→ **Records**:
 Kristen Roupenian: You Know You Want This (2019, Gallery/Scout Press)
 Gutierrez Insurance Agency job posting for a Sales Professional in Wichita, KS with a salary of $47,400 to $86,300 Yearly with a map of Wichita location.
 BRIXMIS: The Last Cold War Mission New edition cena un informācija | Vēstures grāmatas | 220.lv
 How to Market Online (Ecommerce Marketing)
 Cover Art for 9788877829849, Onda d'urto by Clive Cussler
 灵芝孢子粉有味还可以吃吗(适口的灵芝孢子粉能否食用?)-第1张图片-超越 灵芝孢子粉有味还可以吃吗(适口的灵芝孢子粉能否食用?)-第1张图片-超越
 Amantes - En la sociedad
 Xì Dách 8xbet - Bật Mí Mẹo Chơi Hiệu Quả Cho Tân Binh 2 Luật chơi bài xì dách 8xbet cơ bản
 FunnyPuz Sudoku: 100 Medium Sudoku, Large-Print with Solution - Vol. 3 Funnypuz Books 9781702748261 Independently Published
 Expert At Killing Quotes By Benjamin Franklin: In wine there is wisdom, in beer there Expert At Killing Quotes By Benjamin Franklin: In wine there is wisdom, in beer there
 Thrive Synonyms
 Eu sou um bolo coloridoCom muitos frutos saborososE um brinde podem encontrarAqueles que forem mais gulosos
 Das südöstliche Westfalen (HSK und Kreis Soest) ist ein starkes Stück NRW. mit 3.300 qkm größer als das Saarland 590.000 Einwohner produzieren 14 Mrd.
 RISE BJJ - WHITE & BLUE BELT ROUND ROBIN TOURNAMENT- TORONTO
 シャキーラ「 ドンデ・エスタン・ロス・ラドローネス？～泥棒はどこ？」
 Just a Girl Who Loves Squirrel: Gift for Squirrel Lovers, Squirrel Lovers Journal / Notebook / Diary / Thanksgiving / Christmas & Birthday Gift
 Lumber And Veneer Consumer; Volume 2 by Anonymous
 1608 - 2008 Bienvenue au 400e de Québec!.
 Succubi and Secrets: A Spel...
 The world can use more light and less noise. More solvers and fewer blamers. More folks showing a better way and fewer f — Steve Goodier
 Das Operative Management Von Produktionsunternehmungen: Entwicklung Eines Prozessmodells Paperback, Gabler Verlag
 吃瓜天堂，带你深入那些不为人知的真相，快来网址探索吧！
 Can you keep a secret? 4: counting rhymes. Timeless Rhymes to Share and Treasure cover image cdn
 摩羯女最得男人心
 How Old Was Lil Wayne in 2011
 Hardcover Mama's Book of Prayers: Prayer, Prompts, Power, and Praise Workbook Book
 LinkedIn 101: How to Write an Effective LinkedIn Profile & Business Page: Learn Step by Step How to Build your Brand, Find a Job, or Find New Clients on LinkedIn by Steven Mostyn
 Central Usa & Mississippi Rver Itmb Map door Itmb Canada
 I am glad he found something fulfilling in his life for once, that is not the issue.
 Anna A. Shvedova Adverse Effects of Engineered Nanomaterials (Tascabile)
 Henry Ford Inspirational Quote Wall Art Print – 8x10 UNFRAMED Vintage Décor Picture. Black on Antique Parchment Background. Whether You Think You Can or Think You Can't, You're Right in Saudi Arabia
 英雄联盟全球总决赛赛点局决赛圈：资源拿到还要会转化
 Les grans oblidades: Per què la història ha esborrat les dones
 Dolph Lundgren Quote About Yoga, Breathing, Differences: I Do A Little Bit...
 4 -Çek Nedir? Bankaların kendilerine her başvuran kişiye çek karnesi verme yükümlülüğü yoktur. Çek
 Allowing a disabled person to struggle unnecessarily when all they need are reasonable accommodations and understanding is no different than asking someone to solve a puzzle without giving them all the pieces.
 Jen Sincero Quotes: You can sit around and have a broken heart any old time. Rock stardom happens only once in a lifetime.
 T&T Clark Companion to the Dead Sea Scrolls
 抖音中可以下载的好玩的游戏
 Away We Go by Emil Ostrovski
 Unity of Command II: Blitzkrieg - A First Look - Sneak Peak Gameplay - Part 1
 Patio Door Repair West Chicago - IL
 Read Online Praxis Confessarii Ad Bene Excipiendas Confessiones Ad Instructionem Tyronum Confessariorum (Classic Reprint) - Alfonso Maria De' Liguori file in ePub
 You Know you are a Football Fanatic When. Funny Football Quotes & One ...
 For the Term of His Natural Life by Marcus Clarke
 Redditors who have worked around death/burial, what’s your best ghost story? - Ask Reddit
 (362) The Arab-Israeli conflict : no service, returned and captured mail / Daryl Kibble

→ **Work instructions**:
Single out each line of the records above with the string "Quotes" in it, and copy it.

→ **Result of this exercise**:
 Expert At Killing Quotes By Benjamin Franklin: In wine there is wisdom, in beer there Expert At Killing Quotes By Benjamin Franklin: In wine there is wisdom, in beer there
 Jen Sincero Quotes: You can sit around and have a broken heart any old time. Rock stardom happens only once in a lifetime.
 You Know you are a Football Fanatic When. Funny Football Quotes & One ...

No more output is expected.